◆ WORK INSTRUCTIONS ◆
Write out again, word for word, the lines below from the line that holds "Ternura de María" through the line that holds "Coslora™ Cyperus Rotundus Hair Removal Oil", omitting pictures.
%%
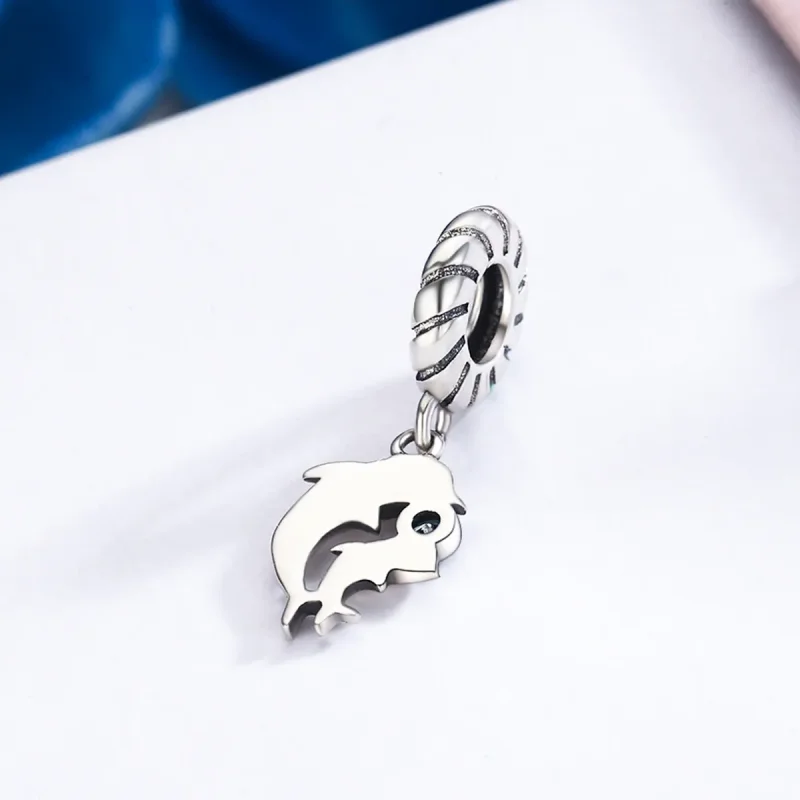 (kép) PANDORA típusú delfin függő charm - SCC264 - Megtekintés 4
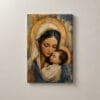 Ternura de María y el Niño, cuadro vertical en canvas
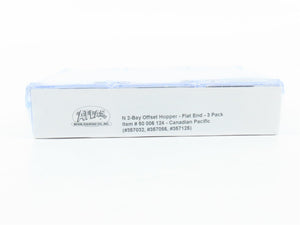 N Atlas 50006124 CP Canadian Pacific 2 Bay Offset Hopper w/load 3 Car Set SEALED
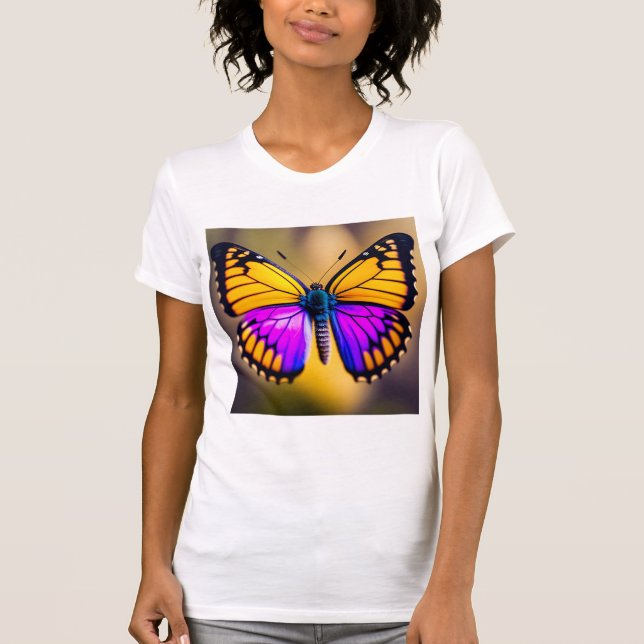 Camiseta Diseño de mariposa (Anverso)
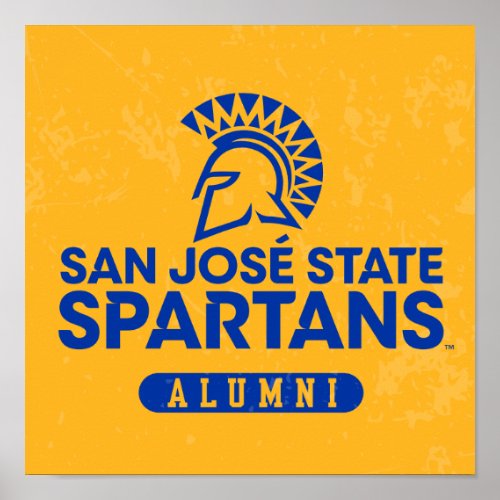 San Jose State Spartans Distressed Poster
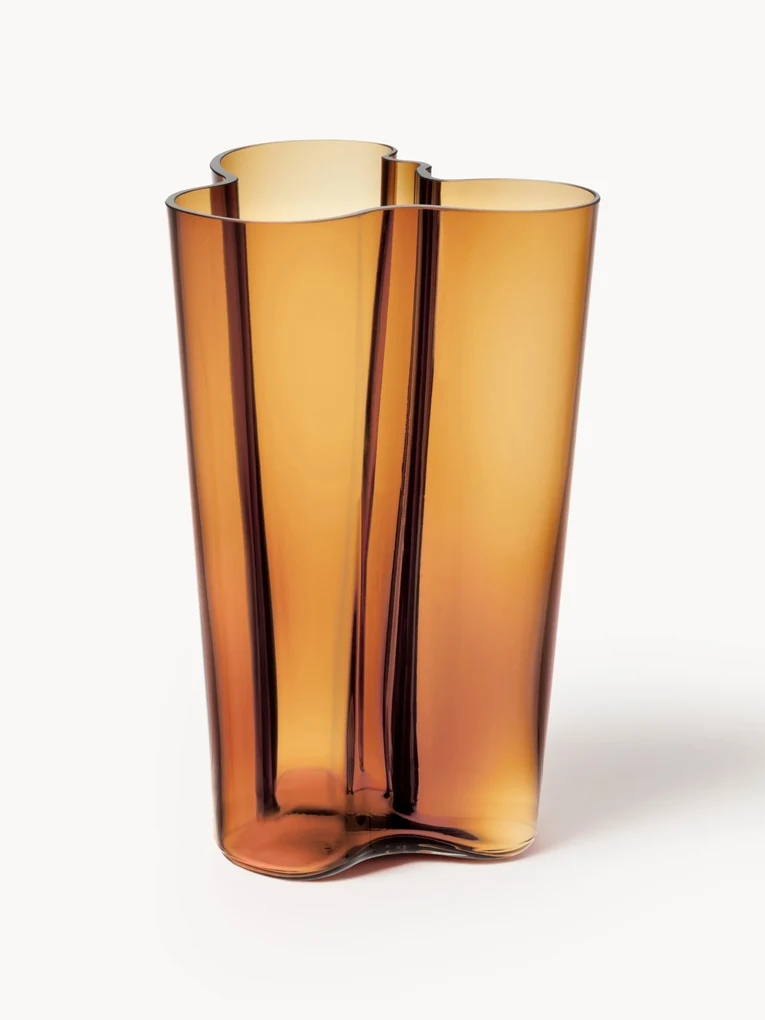Ručne fúkaná váza Alvar Aalto, V 25 cm
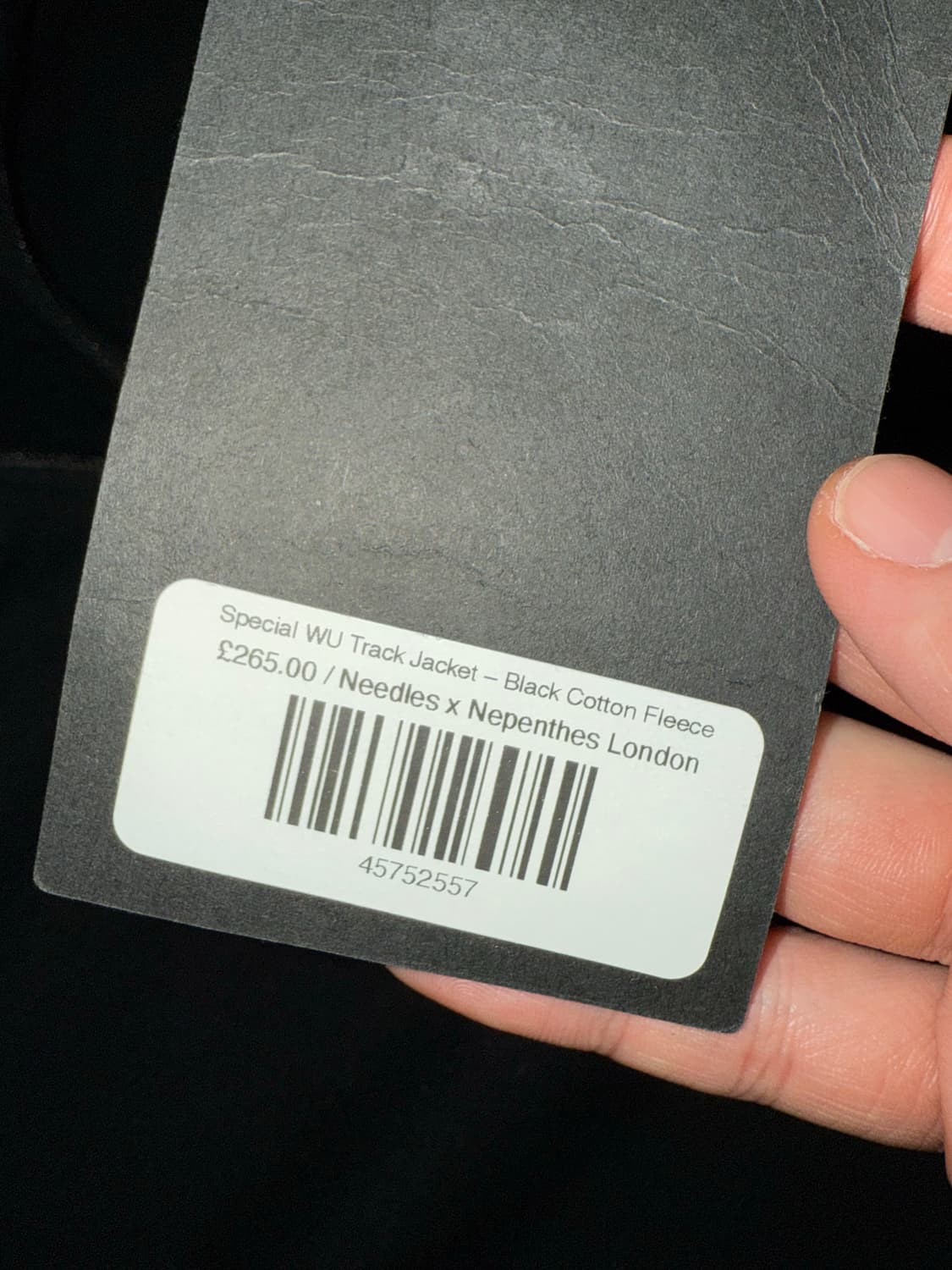 니들스 x 런던 네펜데스 / 코튼 플리스 트랙 자켓 블랙 L 상품이미지3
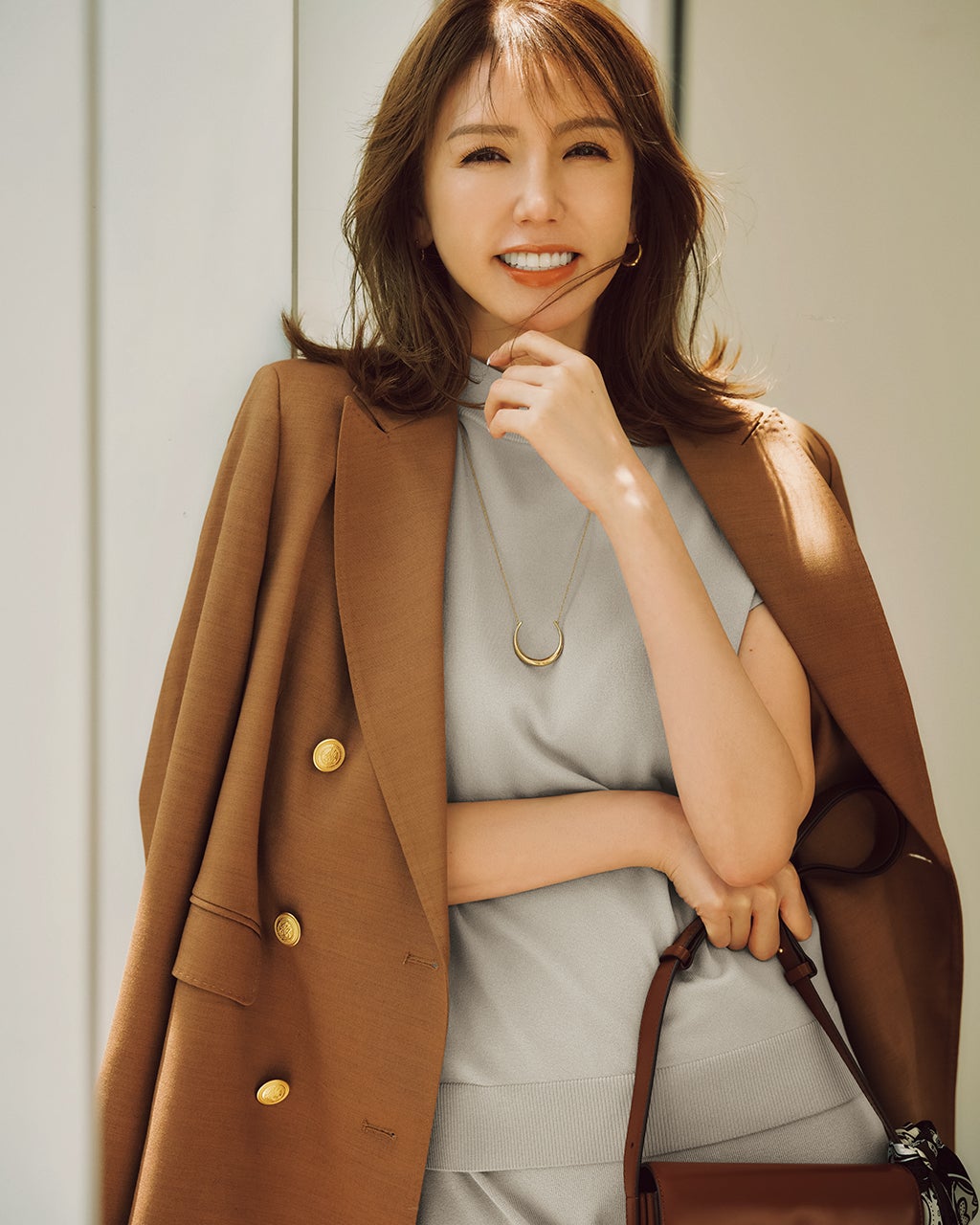 d.i.a. ダブルブレスト ジャケット 尾州産ミックスウール・ダブル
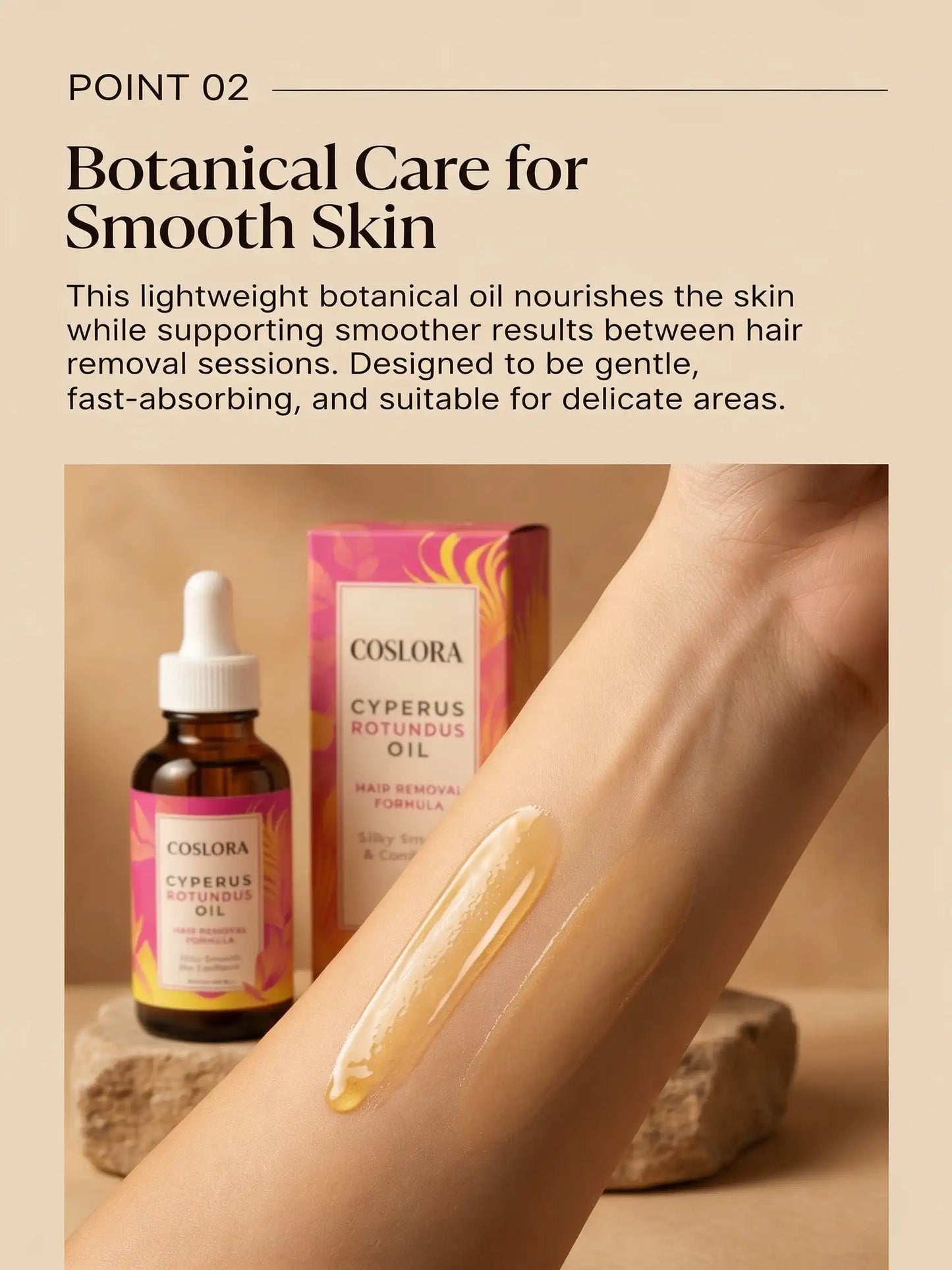 Coslora™ Cyperus Rotundus Hair Removal Oil
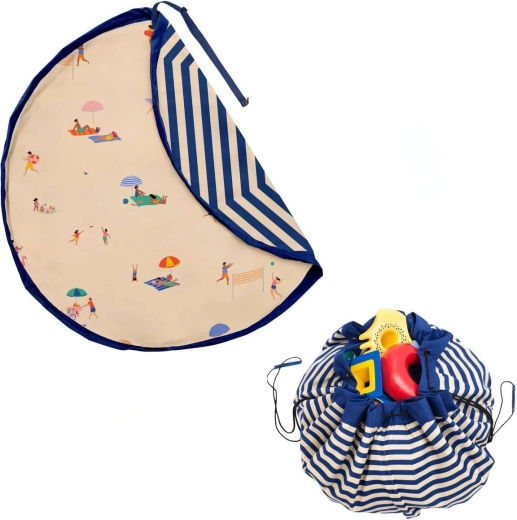 Play&Go Noomad outdoor hracia deka a vak na hračky beach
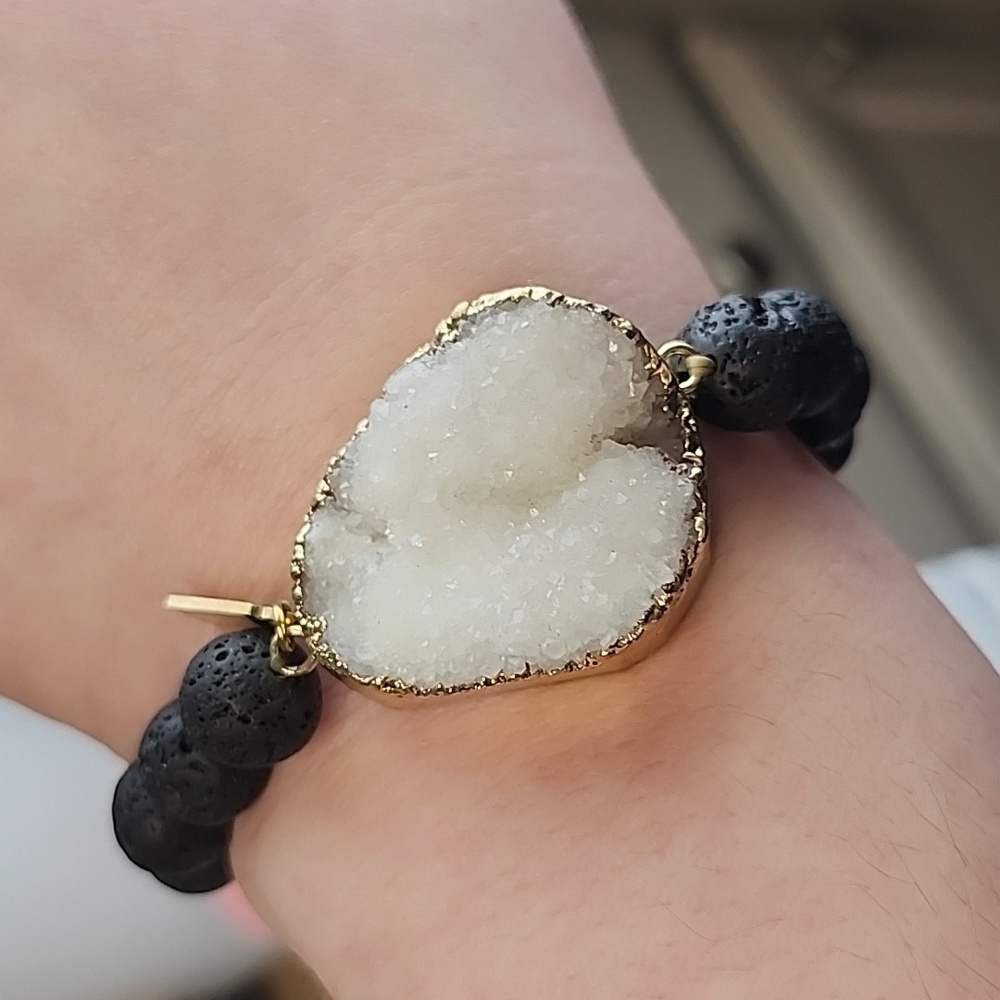 Quartz beaded braclet,  Kinsley Armele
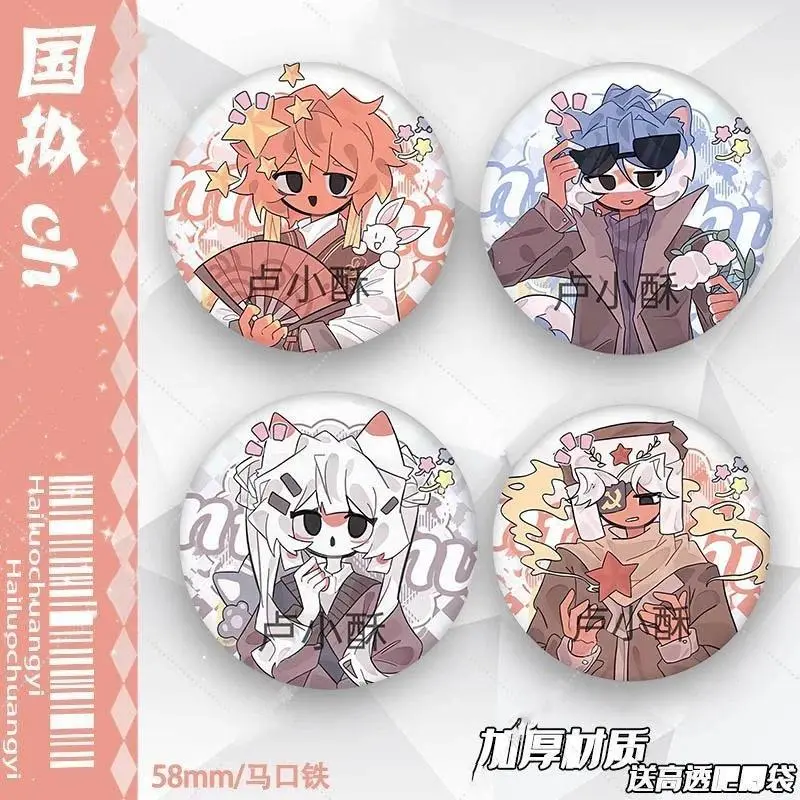 Anime Countryhumans Character Metal Brooch Bag Hat Clothing Badge Decor Jewelry Accessories Collect Pins Keychain Friends Gifts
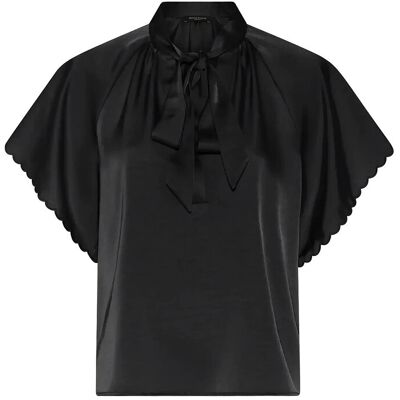 Bruuns Bazaar Beckiabbwendi Blouse 36 BLACK 36 Bruuns Bazaar Beckiabbwendi Blouse 36 BLACK 36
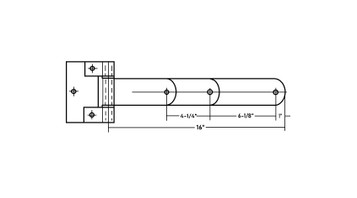 Polar 312 Laminated Hinges, 12"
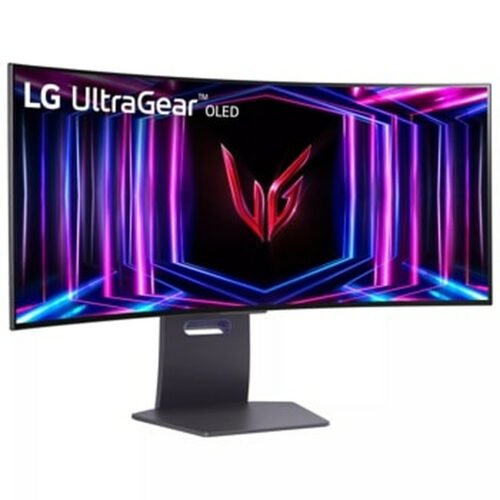 LG 34GS95QE-B computer monitor 86.1 cm (33.9") 3440 x 1440 pixels Wide Quad HD OLED Black
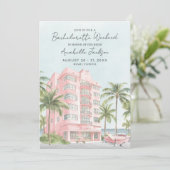 Miami Beach Meisjesuitje Kaart (Staand voorkant)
%%
◆ YOUR SOLUTION ◆
 Ternura de María y el Niño, cuadro vertical en canvas
 N Atlas 50006124 CP Canadian Pacific 2 Bay Offset Hopper w/load 3 Car Set SEALED
 Camiseta Diseño de mariposa (Anverso)
 San Jose State Spartans Distressed Poster
Ručne fúkaná váza Alvar Aalto, V 25 cm
 니들스 x 런던 네펜데스 / 코튼 플리스 트랙 자켓 블랙 L 상품이미지3
 d.i.a. ダブルブレスト ジャケット 尾州産ミックスウール・ダブル
 Coslora™ Cyperus Rotundus Hair Removal Oil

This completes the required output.